## Task requirements:
Restate word for word the entries below, starting with the line with "34 Spoon Way, Unit" and continuing through the line with "МЕДИКА, Наречен". Include both of those lines and no others.

## Provided records:
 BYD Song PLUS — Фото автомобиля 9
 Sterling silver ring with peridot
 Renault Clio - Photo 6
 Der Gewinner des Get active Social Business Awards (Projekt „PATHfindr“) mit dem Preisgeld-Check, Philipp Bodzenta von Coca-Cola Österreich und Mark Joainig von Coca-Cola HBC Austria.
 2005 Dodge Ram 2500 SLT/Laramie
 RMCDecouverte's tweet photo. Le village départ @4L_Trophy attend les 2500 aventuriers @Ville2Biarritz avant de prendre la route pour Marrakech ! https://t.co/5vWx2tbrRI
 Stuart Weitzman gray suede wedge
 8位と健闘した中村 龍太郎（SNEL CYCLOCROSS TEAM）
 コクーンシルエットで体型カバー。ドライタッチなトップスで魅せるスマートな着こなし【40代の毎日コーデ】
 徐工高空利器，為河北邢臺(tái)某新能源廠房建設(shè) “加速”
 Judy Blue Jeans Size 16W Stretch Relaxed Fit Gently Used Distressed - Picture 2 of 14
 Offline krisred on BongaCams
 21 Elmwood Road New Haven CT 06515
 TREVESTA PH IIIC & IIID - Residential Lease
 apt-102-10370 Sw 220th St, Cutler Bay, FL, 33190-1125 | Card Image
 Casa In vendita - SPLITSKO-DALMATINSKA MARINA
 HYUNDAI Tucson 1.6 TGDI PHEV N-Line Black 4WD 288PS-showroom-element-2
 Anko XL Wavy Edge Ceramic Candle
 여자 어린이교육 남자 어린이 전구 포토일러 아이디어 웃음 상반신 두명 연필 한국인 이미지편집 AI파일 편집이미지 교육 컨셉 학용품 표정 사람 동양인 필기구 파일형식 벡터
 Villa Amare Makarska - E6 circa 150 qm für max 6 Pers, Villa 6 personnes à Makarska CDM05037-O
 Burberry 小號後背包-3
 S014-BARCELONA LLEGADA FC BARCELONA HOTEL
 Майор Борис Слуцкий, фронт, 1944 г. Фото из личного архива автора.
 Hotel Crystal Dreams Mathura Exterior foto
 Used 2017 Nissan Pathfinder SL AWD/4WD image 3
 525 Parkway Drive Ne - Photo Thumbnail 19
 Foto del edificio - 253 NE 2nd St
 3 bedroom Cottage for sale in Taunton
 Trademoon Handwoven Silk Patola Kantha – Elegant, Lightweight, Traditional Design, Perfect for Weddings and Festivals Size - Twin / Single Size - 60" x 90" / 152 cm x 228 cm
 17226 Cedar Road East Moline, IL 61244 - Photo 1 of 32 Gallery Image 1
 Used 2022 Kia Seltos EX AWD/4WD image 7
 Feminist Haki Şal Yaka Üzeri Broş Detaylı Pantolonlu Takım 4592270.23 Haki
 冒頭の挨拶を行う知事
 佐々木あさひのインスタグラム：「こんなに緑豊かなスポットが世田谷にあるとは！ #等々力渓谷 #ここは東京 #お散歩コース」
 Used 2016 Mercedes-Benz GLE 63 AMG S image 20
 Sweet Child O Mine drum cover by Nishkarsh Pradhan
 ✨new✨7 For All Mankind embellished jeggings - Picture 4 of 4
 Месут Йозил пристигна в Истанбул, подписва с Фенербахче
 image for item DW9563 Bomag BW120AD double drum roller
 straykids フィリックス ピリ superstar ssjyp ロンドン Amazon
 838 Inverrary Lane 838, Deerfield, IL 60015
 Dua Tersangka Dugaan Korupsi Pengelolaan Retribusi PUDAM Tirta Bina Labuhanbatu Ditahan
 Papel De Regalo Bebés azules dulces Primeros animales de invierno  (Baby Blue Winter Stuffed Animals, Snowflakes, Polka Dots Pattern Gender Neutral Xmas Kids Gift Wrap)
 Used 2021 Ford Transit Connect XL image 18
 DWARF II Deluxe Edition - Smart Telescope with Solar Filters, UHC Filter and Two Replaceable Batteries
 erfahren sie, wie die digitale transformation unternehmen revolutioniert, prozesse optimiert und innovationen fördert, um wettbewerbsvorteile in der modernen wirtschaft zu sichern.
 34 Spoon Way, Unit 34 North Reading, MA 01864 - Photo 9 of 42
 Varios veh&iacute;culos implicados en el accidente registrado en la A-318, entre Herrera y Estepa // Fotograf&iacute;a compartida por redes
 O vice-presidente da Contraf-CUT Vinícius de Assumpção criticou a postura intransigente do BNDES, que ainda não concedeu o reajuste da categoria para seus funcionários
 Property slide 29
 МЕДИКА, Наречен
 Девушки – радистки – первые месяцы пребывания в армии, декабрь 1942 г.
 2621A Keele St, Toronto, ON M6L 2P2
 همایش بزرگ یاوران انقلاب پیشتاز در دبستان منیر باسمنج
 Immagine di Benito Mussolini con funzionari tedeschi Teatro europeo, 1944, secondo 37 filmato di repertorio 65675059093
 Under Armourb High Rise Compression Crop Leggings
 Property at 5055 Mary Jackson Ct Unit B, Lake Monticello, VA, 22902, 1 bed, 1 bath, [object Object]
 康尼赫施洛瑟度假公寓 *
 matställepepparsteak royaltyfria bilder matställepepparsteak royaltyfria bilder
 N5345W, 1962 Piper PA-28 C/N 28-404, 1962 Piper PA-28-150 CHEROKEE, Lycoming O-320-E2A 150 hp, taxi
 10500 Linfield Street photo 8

## Task result:
 34 Spoon Way, Unit 34 North Reading, MA 01864 - Photo 9 of 42
 Varios veh&iacute;culos implicados en el accidente registrado en la A-318, entre Herrera y Estepa // Fotograf&iacute;a compartida por redes
 O vice-presidente da Contraf-CUT Vinícius de Assumpção criticou a postura intransigente do BNDES, que ainda não concedeu o reajuste da categoria para seus funcionários
 Property slide 29
 МЕДИКА, Наречен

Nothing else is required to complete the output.